The three Hobart Class ships are the nation’s most complex and largest defence project. The first is already bristling with highly complex electronic warfare and radar systems.
Most significant is the Aegis system, a high-powered radar that can search, track and guide missiles simultaneously. It can track more than 100 targets at a range of more than 250 nautical miles.
Stepping aboard the 146.7m-long ship at ASC’s Osborne shipyard, where almost 1500 people are working on the Hobart Class construction, the project’s scale becomes apparent.
Banks of computer screens are covered up for secrecy in the cavernous Combat Information Centre, a networked war room which controls missile launches, torpedos and other weapons systems.
Highly skilled workers, lead by Ship One manager Steve Marsh and test and activation director Paul Normandale, until this week accessed the ship from a multistory tower which includes storage, offices and other facilities.
Excitement is building across the shipyard because the launch will signal a break from criticism of project delays of at least 30 months and a budget blowout of at least $600 million. These have been variously blamed on problems interpreting the ship’s Spanish design and other “first-of-class” issues.
“The guys are quite excited (about the launch). You can definitely feel the atmosphere. They’ve never seen a ship like this. They’ve got a lot of pride,” Mr Marsh said.

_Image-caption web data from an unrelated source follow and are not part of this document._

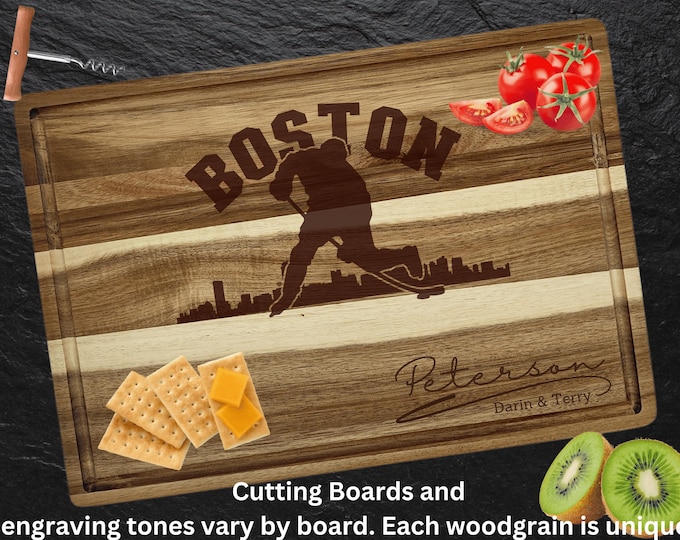 Boston Cutting Board | Personalized Cutting Board | Hockey Fan Gift | Acacia Wood Charcuterie Board | Custom Cheese Chopping Board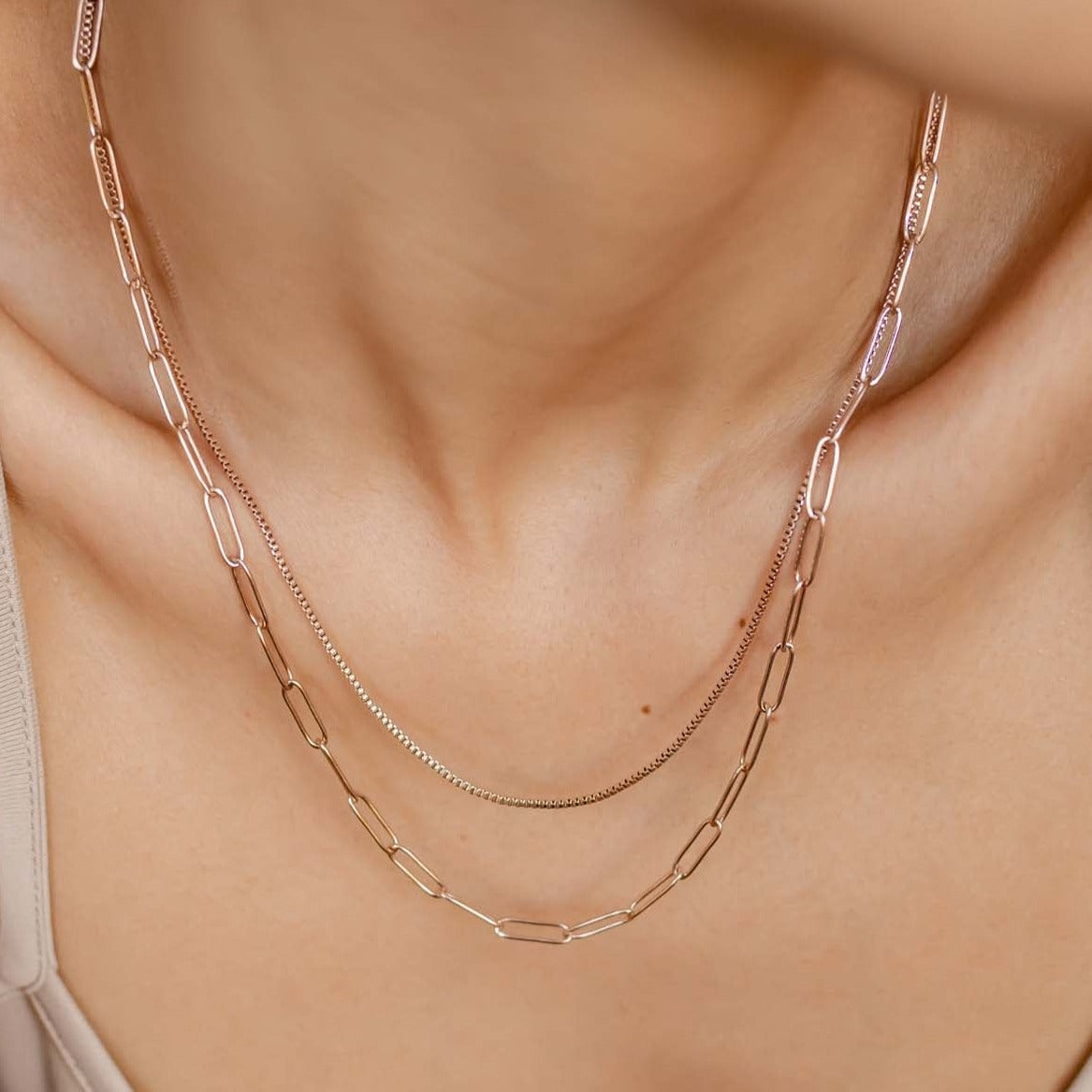 Chunky Chain Layered Necklace Rose Gold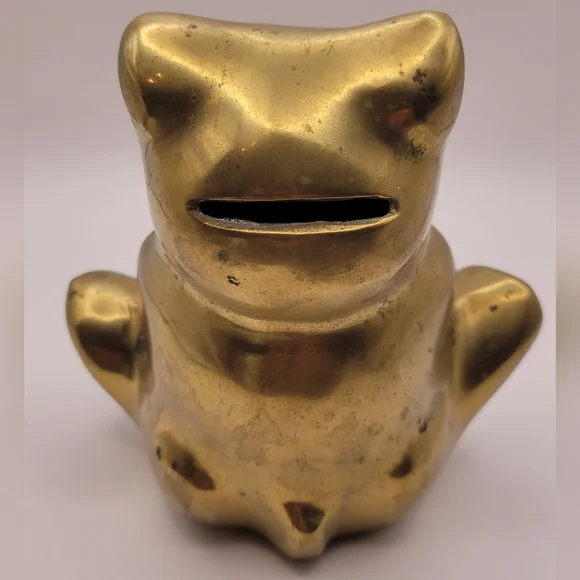 Vintage Brass Panda/Cat Bear Bank. - Picture 4 of 7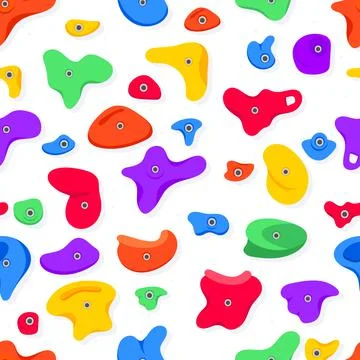 Seamless pattern of climbing grips or holds in the gym bouldering training flat Stock Illustration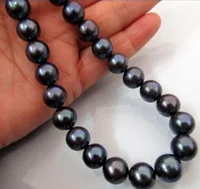 Hot sale new Style 17 INCH 10-11MM TAHITIAN AAA+ NATURAL BLACK PEARL NECKLACE fine jewelry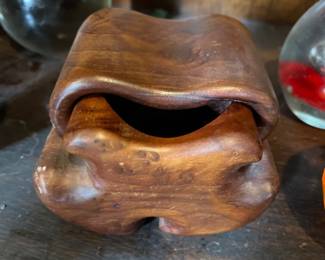 Fred and Marilyn Buss Carved Walnut Puzzle Box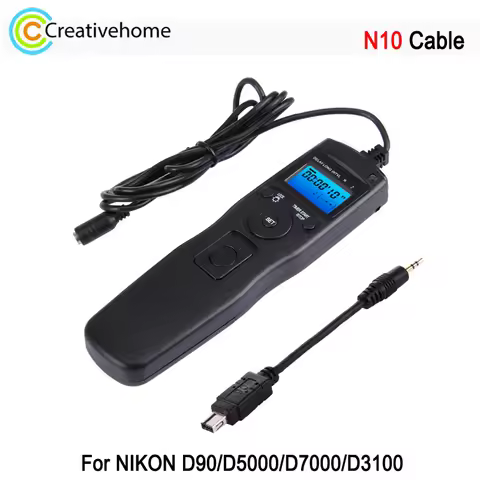 RST-7006 N10 Cable Camera Shutter Release Intervalometer Digital Time Remote Controller For NIKON D9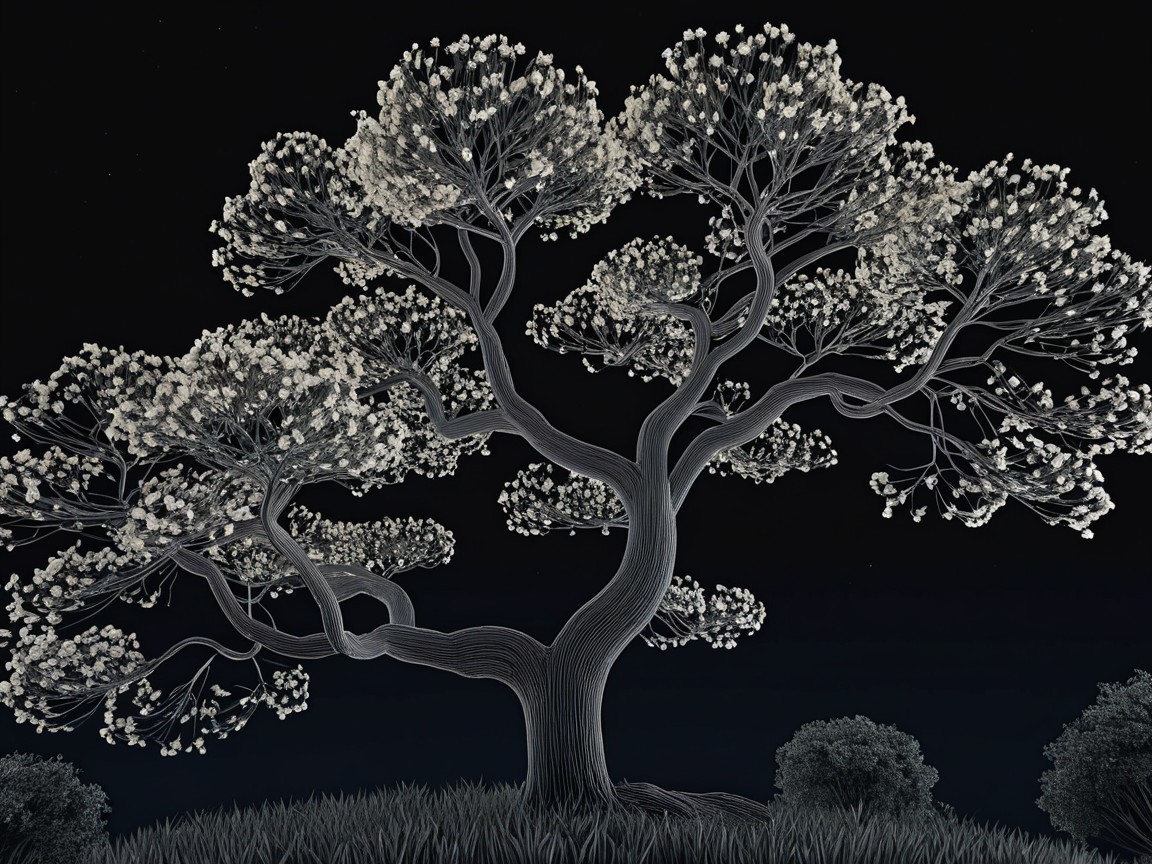 Stylized Tree with Intricate Branches and Flowers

“They’ve come to ASC as a place of choice. Mitsubishi guys came here. Others came here in the middle of the mining boom — they’re really invested in what we’ve done.
“To see it with everything painted up and everything set to work — they’re seeing the fruit of their labours, everything they’ve been working on all these years.”
The destroyer this week was moved on giant hydraulic rollers to prepare for the launch, which involves lowering the 7000-tonne ship on a synchrolift — a giant platform which on Saturday will lower it into the water. This is a common user facility owned by the State Government.
The Hobart is 76 per cent complete, three years after the first steel was cut for the ship. The Mk45 five-inch gun was installed less than a fortnight ago.
After Saturday’s launch, the ship will be moored alongside an ASC dock, where Mr Normandale will lead testing of propulsion and combat systems ahead of sea trials starting in12-18 months in Gulf St Vincent and elsewhere.
The Hobart is scheduled to be handed over to the Navy in March, 2019, while delivery times for the other two ships, Brisbane and Sydney, are yet to be finalised.
The Royal Australian Navy Air Warfare Destroyer Hobart moved ahead of launch.